- Directed by: William Hanna, Joseph Barbera (as "Supervised by")
- Produced by: Fred Quimby
- Music by: Scott Bradley (uncredited)
- Color process: Technicolor
- Distributed by: Metro-Goldwyn-Mayer
- Release date: 1941;
- Running time: 7 min.
- Language: English

= The Goose Goes South =

The Goose Goes South is an American animated short film directed by William Hanna and Joseph Barbera, being one of the first cartoons they made on their own. It is noted for its portrayal of African Americans. Produced by Fred Quimby, it was released by Metro-Goldwyn-Mayer on April 26, 1941.

==Story==
An announcer explains the scene: Geese soar in huge flocks from their pond at the first sign of Winter; they all go south, but not all fly, this last point illustrated by a little white goose in hat, collar, and tie who stands by the side of a road in an attempt at hitchhiking. "No Riders", reads a sign left as if by magic on his thumb by a motorist speeding by; when the goose turns indignantly away, another motorist leaves one reading "Positively No Riders" on his tail. The driver of a red car stops for the bird's thumb, but only to mumble an incoherent (if apparently sincere) apology for his inability to take on a passenger.

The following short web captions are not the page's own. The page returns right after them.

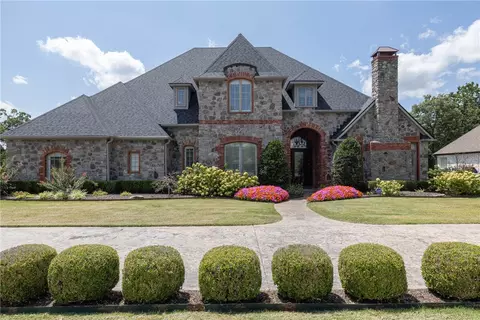 4422 Clear Creek Blvd, Fayetteville, AR 72704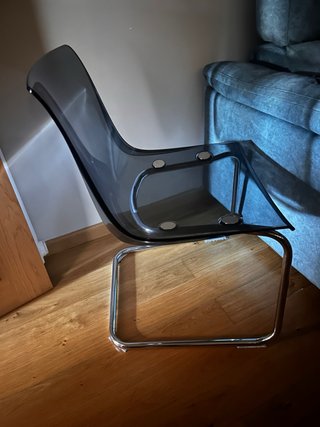 Sillas ikea color transparente oscuro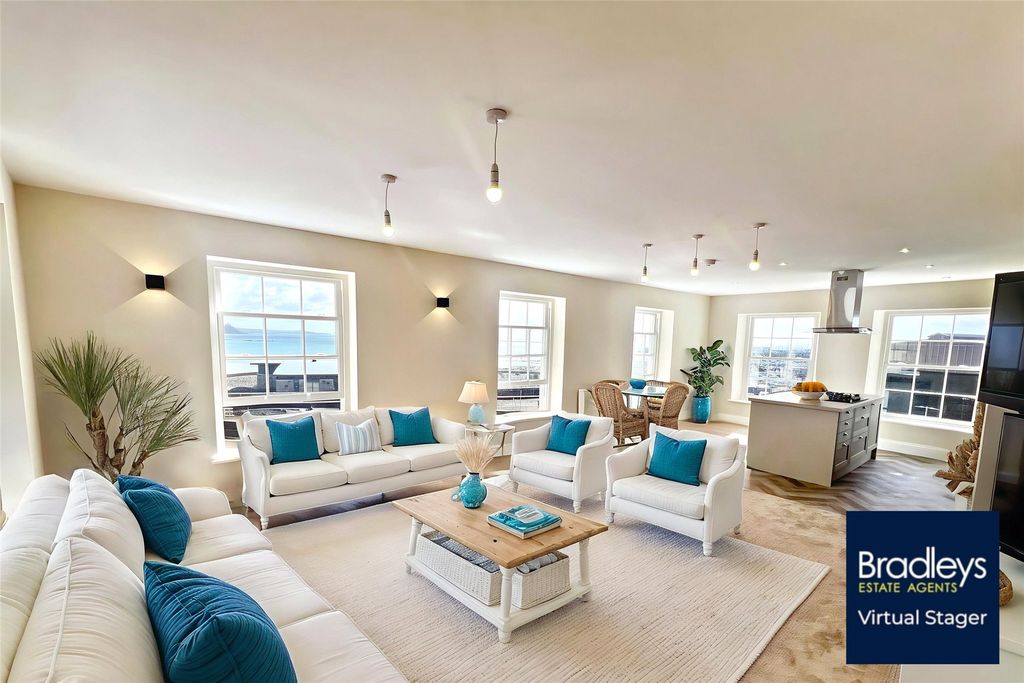 Property photo 3 of 20 Picture No. 29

So, the little goose will travel slowly, on foot. He comes to the Blue Ridge Mountains of Virginia, where, as the announcer narrates, a hillbilly father berates his "problem child", lazy Zeke, who, though a grown man with a beard, naps in a cradle. Elsewhere, but locally, a revenue agent smashes the still of a moonshiner with his "long arm", which he stretches at will all the way from a distant tree behind which he hides. We are shown Southern hospitality: the little bird luxuriates in a juicy slice of watermelon and is questioned on its merits by the old farmer who grew it; in friendliest tone, the farmer guesses that his guest cannot pay for the fruit, and, when the bird confirms this with a lusty nod, the old man chases him off with a shotgun!

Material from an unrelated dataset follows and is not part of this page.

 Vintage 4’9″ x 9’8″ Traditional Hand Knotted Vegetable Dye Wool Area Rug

And so the goose speeds through Kentucky, Tennessee, and Georgia (stopping only briefly in the second to tiptoe past a motorcycle-mounted officer and in the latter to whistle at an attractive young lady's likeness on a billboard!) A buxom songbird, "the Songbird of the South" as the narrator calls her, greets us from a branch with "Hello, anybody" and trills a pretty tune. The same driver from before stops again for the goose and makes the same mush-mouthed excuse before driving off.

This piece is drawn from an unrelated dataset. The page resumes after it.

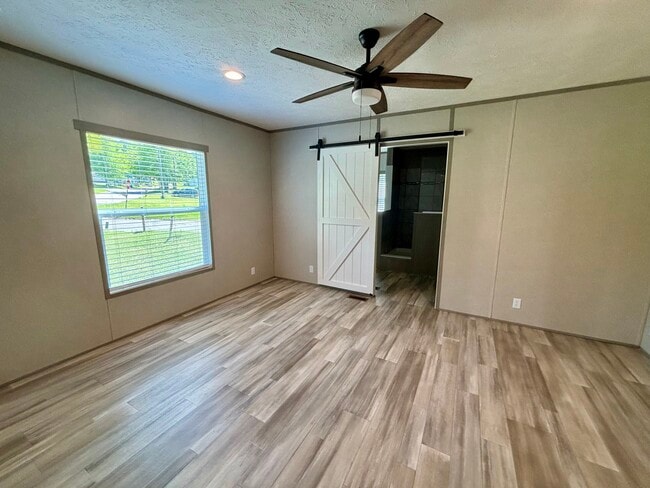 Building Photo - Forest Acres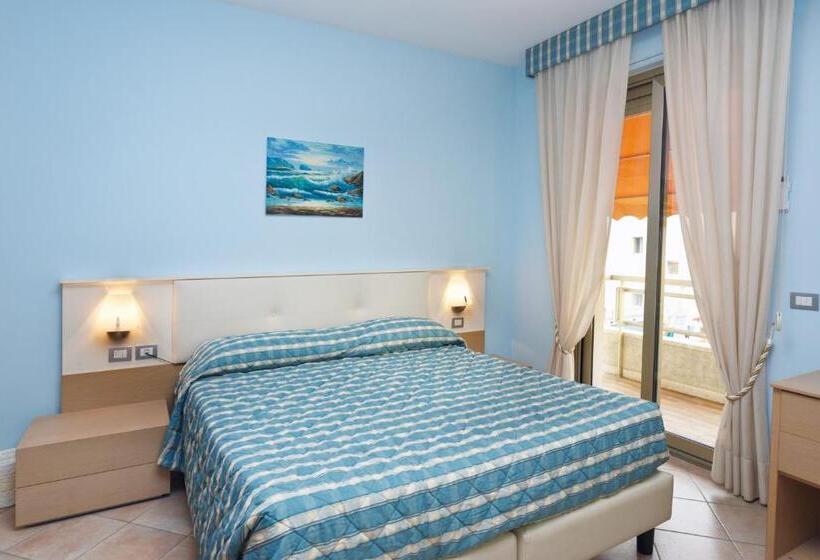 آپارتمان 1 خوابه با بالکن و چشم‌انداز دریا, Residence Dei Due Porti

Two courteous Southern gentlemen in white suits demur to one another, but in what? Why, in a spirited game of pinball, of course! Two African-American ladies converse over their cotton-picking duties: it seems one of them has five small children, all of whom want to grow up to be Rochester! And so we find the gaggle of tots all shouting into telephones in his trademark style.

The goose gets the attention of a motorist with a flirtatious false leg held out just so from behind a bush, but this only snags the same motorist in the same red car and his frustrating mumbled excuse. In nearby tobacco fields, we are introduced to the workers' incomprehensible jargon. In The Everglades, an innocent child sits carelessly playing in the maw of an alligator. The narrator attempts to save her: "It's an alligator," he protests; "It's a hollow tree!", she counters. The jaws snap shut, and the babe pushes them open only to remark with a smile, "I could be wrong, you know."

At last, the long journey ends, and the little goose sits down on a dock for a needed rest. A car pulls up -- the same red car from before! "Well, well, if it isn't the little footloose goose!" remarks the driver with unusual clarity; he rambles in his way before speeding off the dock straight into the water! He gurgles for rescue, but the little goose excuses himself with the same sort of incomprehensible mumbling that has by now so often served to deny him succor!